个人奋斗有用吗?在发了 2500 份问卷、访谈了 200 人之后,调研最终显示,努力并不能真正改变他们的处境,决定命运的主要是社会因素。

我家小区的保洁老赵,来北京打工了 23 年,60 岁时却没法退休。他未来的养老金每月只有 100 多元,因此打算打工到 70 岁为止。

他这代农民工,也是我国“第一代农民工”,生于 70 年代前,在八九十年代进城打工,不少人务工超过 30 年。但这 8600 万余人到晚年,情况和老赵大致相同。

老赵是河南驻马店人,2000 年来到北京,那年他 32 岁,看过门,做过绿化,2007 年来到我们小区做保安。如此又过了 10 年,49 岁了,还没攒够钱结婚,一个人住在冬天没暖气、夏天潮湿发霉的 10 平米地下室。

我知道这些,是因为我当时在报社实习,需要出一篇农民工的稿子,而老赵是离我最近的农民工。

“我 7 年没有休假,一天工作 10 小时,一个月 2700。这不是我一个人的情况,大家都是这样的。”临走他叮嘱,“这几句话妳千万不能删”。

不止这几句,关于老赵的整个部分都被删掉了,原因是“负能量”。老赵不符合我们对于农民工生活的美好愿景,但这个人群的实际处境,比我们能想到的还要更糟。

安徽师范大学的副教授仇凤仙做了一项研究。
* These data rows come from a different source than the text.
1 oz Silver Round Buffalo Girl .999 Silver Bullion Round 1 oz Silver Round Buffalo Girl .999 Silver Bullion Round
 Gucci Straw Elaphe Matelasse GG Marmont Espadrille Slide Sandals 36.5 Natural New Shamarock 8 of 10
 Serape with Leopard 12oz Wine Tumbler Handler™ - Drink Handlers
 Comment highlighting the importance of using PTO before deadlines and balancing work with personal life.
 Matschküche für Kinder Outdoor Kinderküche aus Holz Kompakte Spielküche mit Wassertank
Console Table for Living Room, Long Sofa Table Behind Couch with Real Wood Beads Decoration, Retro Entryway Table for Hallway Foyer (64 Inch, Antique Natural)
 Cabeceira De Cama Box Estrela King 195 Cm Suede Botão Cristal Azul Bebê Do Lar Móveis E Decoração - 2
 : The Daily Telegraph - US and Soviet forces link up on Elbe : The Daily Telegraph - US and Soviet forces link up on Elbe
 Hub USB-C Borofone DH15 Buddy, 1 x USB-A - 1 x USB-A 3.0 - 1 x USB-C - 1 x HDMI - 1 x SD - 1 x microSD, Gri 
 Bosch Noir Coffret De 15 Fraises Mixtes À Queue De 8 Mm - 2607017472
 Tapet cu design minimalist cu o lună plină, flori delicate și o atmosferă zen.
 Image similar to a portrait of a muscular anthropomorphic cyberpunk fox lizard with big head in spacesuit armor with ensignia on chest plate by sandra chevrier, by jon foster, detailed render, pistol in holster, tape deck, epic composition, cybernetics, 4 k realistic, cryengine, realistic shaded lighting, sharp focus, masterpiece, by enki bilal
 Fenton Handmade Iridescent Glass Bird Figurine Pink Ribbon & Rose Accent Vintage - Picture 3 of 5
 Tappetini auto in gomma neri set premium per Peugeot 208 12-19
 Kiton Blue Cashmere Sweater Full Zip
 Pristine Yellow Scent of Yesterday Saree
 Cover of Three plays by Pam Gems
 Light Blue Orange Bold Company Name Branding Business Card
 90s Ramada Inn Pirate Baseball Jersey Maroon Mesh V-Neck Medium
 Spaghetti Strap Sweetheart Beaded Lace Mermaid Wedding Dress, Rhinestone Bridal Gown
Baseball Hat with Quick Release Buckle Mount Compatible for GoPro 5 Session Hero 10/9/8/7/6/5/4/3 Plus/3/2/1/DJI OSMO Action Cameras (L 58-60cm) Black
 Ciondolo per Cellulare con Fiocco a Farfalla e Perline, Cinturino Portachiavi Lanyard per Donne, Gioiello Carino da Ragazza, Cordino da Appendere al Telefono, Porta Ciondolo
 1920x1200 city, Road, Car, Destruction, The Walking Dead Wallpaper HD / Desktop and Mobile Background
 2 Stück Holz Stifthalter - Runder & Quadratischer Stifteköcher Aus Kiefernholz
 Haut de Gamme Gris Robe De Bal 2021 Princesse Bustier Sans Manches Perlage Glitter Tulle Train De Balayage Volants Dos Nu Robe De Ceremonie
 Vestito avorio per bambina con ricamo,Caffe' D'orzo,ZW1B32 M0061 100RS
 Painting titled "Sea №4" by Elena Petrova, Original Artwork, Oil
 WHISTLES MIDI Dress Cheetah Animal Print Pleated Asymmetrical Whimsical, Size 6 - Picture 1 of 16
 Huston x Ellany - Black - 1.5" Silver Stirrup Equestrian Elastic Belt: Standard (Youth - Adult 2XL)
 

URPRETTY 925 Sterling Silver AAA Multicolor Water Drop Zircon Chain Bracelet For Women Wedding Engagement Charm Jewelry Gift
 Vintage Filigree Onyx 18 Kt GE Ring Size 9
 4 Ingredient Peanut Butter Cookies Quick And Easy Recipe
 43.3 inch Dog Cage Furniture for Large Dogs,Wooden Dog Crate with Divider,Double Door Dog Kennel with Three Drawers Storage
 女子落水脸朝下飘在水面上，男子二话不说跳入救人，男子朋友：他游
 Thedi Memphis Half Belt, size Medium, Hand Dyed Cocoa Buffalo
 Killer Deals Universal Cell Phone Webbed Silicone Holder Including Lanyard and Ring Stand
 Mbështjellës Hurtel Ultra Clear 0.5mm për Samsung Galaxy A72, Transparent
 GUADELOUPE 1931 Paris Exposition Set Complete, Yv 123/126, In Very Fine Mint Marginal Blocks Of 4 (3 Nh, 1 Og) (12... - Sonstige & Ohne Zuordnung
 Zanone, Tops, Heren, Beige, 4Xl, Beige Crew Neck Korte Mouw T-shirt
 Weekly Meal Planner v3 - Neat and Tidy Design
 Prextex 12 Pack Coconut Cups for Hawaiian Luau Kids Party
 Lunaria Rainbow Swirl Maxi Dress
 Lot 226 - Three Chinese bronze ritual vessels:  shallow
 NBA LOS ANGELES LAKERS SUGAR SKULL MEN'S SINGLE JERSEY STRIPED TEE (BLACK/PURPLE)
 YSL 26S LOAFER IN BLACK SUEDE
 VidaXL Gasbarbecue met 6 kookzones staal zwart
她发了 2500 份问卷,访谈了 200 人,想知道第一代农民工老去后如何维生。我在报告的字里行间看到了无数老赵——

当我们热议“延迟退休”,担心 60 岁不能休息,他们中 60.7% 只能“干到干不动为止”;

当城市老人每月平均能领到 3000 元退休金,他们的养老金只有一两百元;

他们都打工超过 15 年,但到了晚年,一半以上的存款还不到 5 万元;

他们挣到钱都寄回家里,供孩子上学,但结果,下一代阶层跨越不到 20%。

我们更容易忽视的一点是,他们既是工人,也是老人。他们在本该退休的年纪不得不继续努力工作,但结果是,他们既得不到老年生活所承诺他们的,譬如天伦之乐和医疗保障,也得不到工人应有的回报和尊严。

1993 到 2005,全国城镇职工的月工资提高了 1260 元,而农民工的增长幅度是:68 元。

他们并非不努力,但调研最终显示,努力并不能真正改变命运。仇凤仙最后用“社会脆弱性”来描述他们的处境,即这是一个时代性问题,深受社会排斥性政策的影响,远非个人能决定。

他们的困境,和今天很多人面临的困境惊人地相似,这或许是一个社会中,弱者们常见的命运。

“退休”不存在

现实中的老赵,已经整整两年没有领到过一分钱工资了。4 年后,小区取消了保安岗位,于是他就转去做保洁,不料又过 3 个月,保洁岗位也不给发钱了。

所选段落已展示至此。